Ye have feared the sword,.... Of the Chaldeans; and therefore they sent to the Egyptians for help. The Targum is,

"ye have been afraid of them that kill with the sword;''

and not afraid of the Lord; see Matthew 10:28;

and I will bring a sword upon you, saith the Lord God; or those that kill with the sword, as the Targum; meaning the Chaldeans, who were sent by the Lord, and, when they took the city, put many to death by the sword, and carried captive others.

Verse 9

And I will bring you out of the midst thereof,.... Jerusalem, the cauldron, as they said it was, and where they thought they should be safe; this is repeated, to express the certainty of it, and to excite their attention to it, and remove their vain confidence:

and deliver you into the hands of strangers; the Chaldeans:

and will execute judgments among you; punishments for sin, such as famine, pestilence, sword, and captivity.

Verse 10

Ye shall fall by the sword,.... Of the Chaldeans; not in the city of Jerusalem, but out of it, when it was broken up, and they fled:

I will judge you in the border of Israel; that is, inflict punishment on them, particularly by the sword; which was done at Riblah in the land of Hamath, where the sons of Zedekiah were slain, and all the princes of Judah, Jeremiah 52:9; and this was on the border of the land of Israel, Numbers 34:8;

and ye shall know that I [am] the Lord; who knows things, and foretells them before they are; and am able to accomplish all that is threatened; and am just and righteous in all my ways and works; and who am known by the judgments executed by me.

Verse 11

This [city] shall not be your cauldron,.... It was one, as in

Ezekiel 11:7; but not theirs; it was the cauldron for the slain, for the dead, but not the living:

neither shall ye be the flesh in the midst of it; or, "and ye shall be" g or, "but ye shall be"; the negative is understood, and rightly supplied by us; though the Targum renders it without it,

"but ye shall be in the midst of it, as flesh that is boiled in the midst of a pot:''

[but] I will judge you in the border of Israel; this is repeated, that they might take notice of it, and to assure them that so it would be.

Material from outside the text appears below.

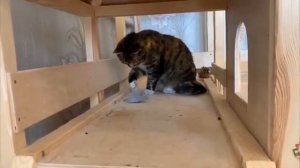 видео анука -давайка день рождения Мурки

g ואתם תהיו "et vos critis", Montanus, Cocceius.

Verse 12

And ye shall know that I [am] the Lord,....


for ye have not walked in my statutes, neither executed my judgments; which is the reason why the Lord would judge them on the border of Israel, and deliver them up into the hands of strangers; nor can he be thought to act the severe and cruel part to them, when this their disobedience is observed; since they had his statutes and his judgments made known to them, which were not known to other nations, and yet they regarded them not; wherefore it was but righteous in him to inflict his judgments upon them; and which is the more aggravated by what follows, and which still more clearly shows the justice of the divine proceedings against them:

but have done after the manners of the Heathens that [are] round about you; or, "the judgments of the Heathens" h; regarded them, and acted according to them, when they slighted and disobeyed the judgments of the Lord; instead of worshipping of him according to his revealed will, they served the idols of the nations round about them, and gave into all their superstitious rites and ceremonies.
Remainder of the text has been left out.